MySQL Bugs: #64578: UTF8 is not UTF8 ?

Bug #64578	UTF8 is not UTF8 ?
Submitted:	7 Mar 2012 7:59	Modified:	6 Jul 2012 15:34
Reporter:	Miran Cvenkel	Email Updates:
Status:	Not a Bug	Impact on me:	None
Category:	MySQL Server: Charsets	Severity:	S3 (Non-critical)
Version:	5.1.59-community-log, 5.1.63, 5.5.23, 5.6.6	OS:	Any
Assigned to:		CPU Architecture:	Any
Tags:	utf8

Description:
Méloé=Meloe

See how to repeat.

How to repeat:
DROP TABLE IF EXISTS `_tmp`;
CREATE TABLE IF NOT EXISTS `_tmp` (
  `term` varchar(400) COLLATE utf8_slovenian_ci DEFAULT NULL,
  KEY `Index 1` (`term`(333))
) ENGINE=MyISAM DEFAULT CHARSET=utf8 COLLATE=utf8_slovenian_ci;

-- Dumping data for table test._tmp: 730 rows
DELETE FROM `_tmp`;

INSERT INTO `_tmp` (`term`) VALUES
	('Meloe'),
	('Méloé');

select * from _tmp where term = 'Meloe'

-- You get 2 records !

Try instead: 
SELECT * FROM _tmp WHERE term = 'Meloe' COLLATE utf8_bin;

.. and read about collations: 
http://dev.mysql.com/doc/refman/5.1/en/charset.html

Peter
(not a MySQL person)

.. but I am not able to decide if the demonstrated behaviour of the Slovenian collation is correct or not.
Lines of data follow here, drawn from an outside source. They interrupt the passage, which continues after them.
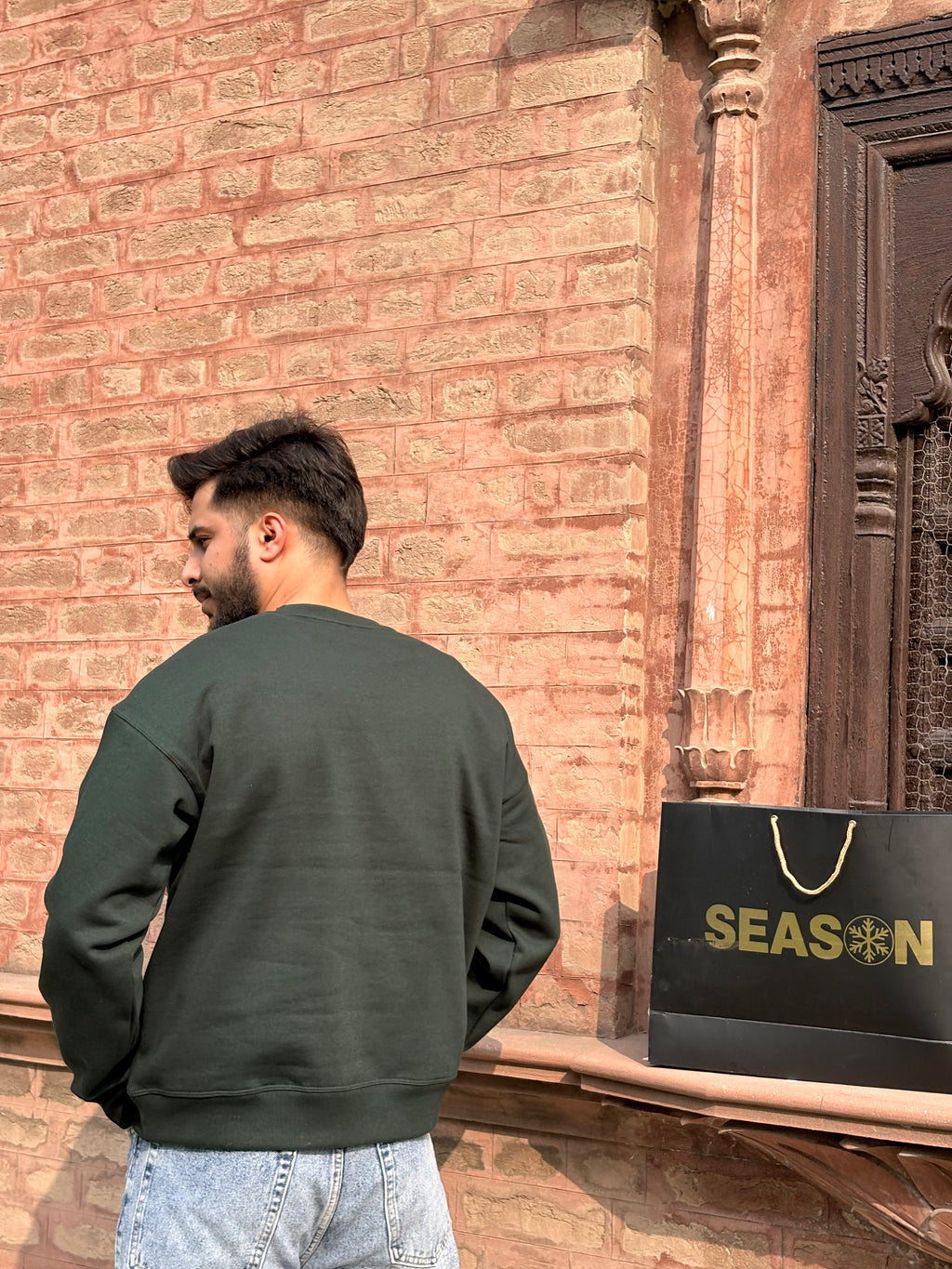 Season Signature Oversized Sweatshirt -Bottle Green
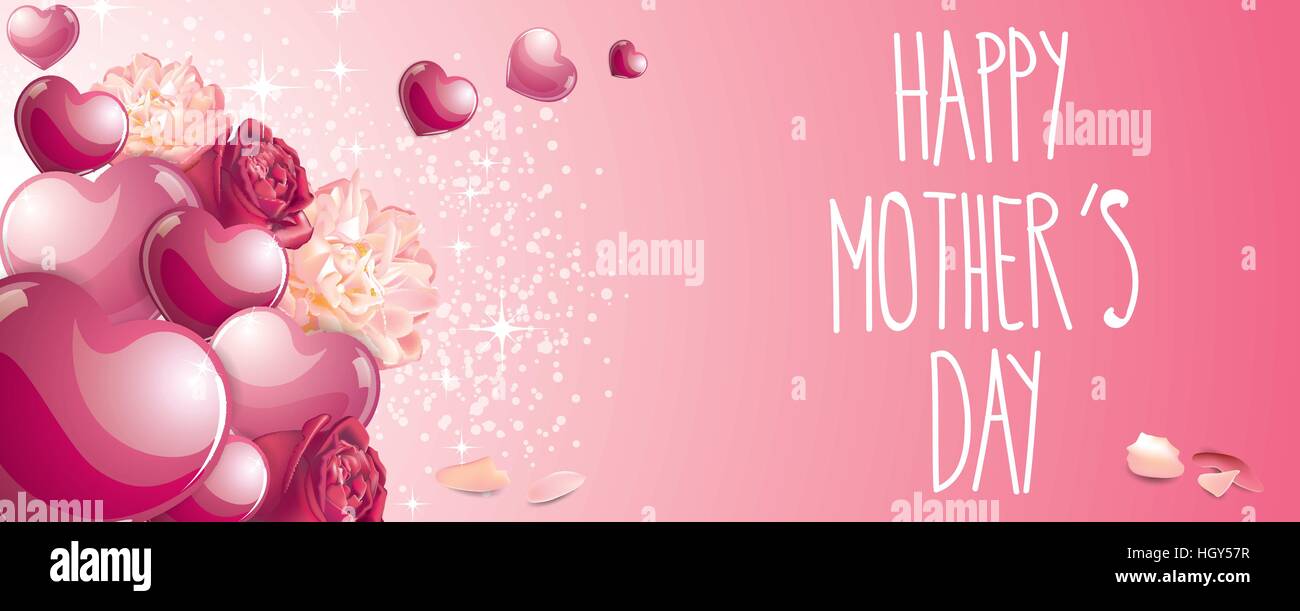 Happy mothers day bannière pleine des éléments de vecteur Illustration de Vecteur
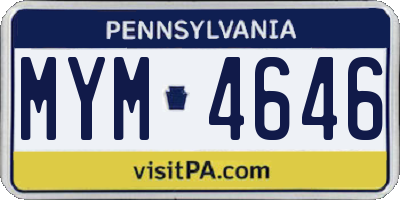 PA license plate MYM4646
What are common alphabetization rules in Slovenian (in dictionaries, phone books etc)?  You probably know better than I!

Thank you for the report.

Please send us output of SHOW VARIABLES LIKE 'col%': collation utf8_slovenian_ci does not have letter é. See http://www.collation-charts.org/mysql60/mysql604.utf8_slovenian_ci.html

Here it is:

collation_connection,utf8_general_ci
collation_database,utf8_slovenian_ci
collation_server,utf8_slovenian_ci

I must say, I found 1 extra unexpected record, but someone would/could delete unexpected records this way. Some warning would be appropriate, if possible.

Thank you for the report.

Verified as described.

test case for MTR

Attachment: bug64578.test (application/octet-stream, text), 410 bytes.

This is not a bug.
MySQL utf8_language_ci collations are accent insensitive.
They treat accented letter as equal to their non-accented
counter parts, unless the language rules say otherwise.
"LATIN LETTER E WITH ACUTE" does not have a special
rule in Slovenian (it's even not a part of Slovenian alphabet),
therefore it follows the default rules and compares
as equal to non-accented "LATIN LETTER E".